The Coonley House is widely considered on of Wright’s three most significant Prairie houses and was described by Wright as his favorite house in his 1932 Autobiography. The Coonley House with four linked units was Wright’s first zone plan. The Coonley House, Stable and Gardener’s Cottage became National Historic Landmarks in 1970.
Frank Lloyd Wright’s Stable design consisted of three separate units with overlapping roofs:
- a central main unit with a horse stable, carriage garage, tack rooms and hay loft
- a west unit with a coachman’s apartment and workshop and
- an east unit near Coonley Road with a chicken coop, cow barn, storage and garden shed
The Stable was completed in 1911 and was significantly altered by the Coonleys to contain a two car garage and a central steam boiler for the estate. The chicken coop was eliminated. The carriage garage in the main unit was enlarged and the three units were connected. These alterations were likely implemented by William Drummond.
Restoration Goal and Scope
The restoration goal is an adaptive renovation and restoration of the Coach House and Sunken Garden to an attractive residence which restores or recreates the original exterior appearance and exterior and interior materials, colors and textures as much as possible. A total restoration of all elements of the house and grounds has been implemented.
Exterior and Interior Work
The restoration is based on:
- historic photos by Jens Jensen, James Howlett, and others,
- Wright’s plans and
- detailed analysis of the ‘as-is’ building (structures, materials and colors).
Highlights of exterior restoration work included, but not limited to:
- Stabilization, repair and restoration of the damaged and leaking roof.
- Extensive structural framing and new soffit planks to support the Wright copper barrel gutter.
- Existing casement light screens were replaced and new structural framing was done for new windows and doors.
- Exterior walls were rebuilt as needed with repair of structural deficiencies. New stucco was added to match the original Coonley House stucco.
- Wright’s original “Sunken Garden” plan was recovered by removal of extensive junk trees and shrubs, construction debris and incorrect patio tile and dirt. All grounds were landscaped based on Jens Jensen’s October 1913 Coonley Estate Plan.
Highlights of the interior restoration work included, but not limited to:
- An entry hall was created where the original entry foyers for the Coonleys and their servants had been.

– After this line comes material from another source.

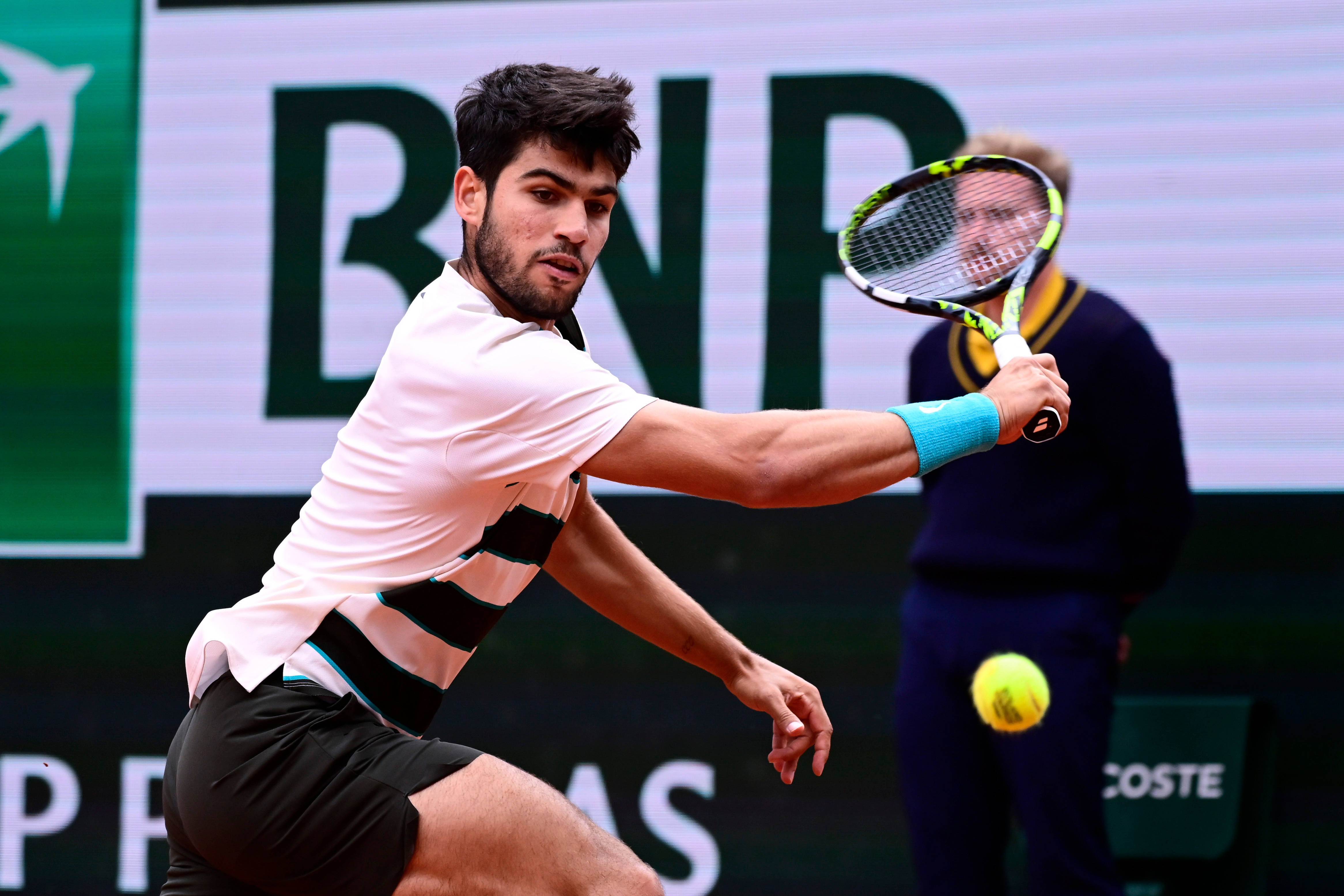 关于西班牙网球队翻盘法国网球队，阿尔卡拉斯制霸全场的信息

- Infrastructure improvements included new sewer lines, HVAC, zoned radiant heating, and updated electrical systems and components.
- About 70 existing in-place “Kyoto” art glass windows plus a dozen more found in the attic, were removed, restored and put back in place. About 18 new art glass windows recreating this design were added.
- Walls and ceilings were restored, including restoration and re-use of original brick materials where possible. Other new walls were plastered with a sand textured material closely resembling the original walls.
- White oak trim was applied throughout the house modeled on a simplified design of the Coonley House original trim.
- Salvaged bricks were also used in the creation of new fireplaces for the Coach House.
- Simple original brass sconces have been recreated and installed in many rooms.
Long Range Impact
Restoration of the Coach House and its grounds enhances the status of the Coonley Estate as one of Wright’s finest efforts. Together with the main part of the Coonley House and its grounds, about 80% of the buildings and hardscape of the original estate on Block II have been restored for the future.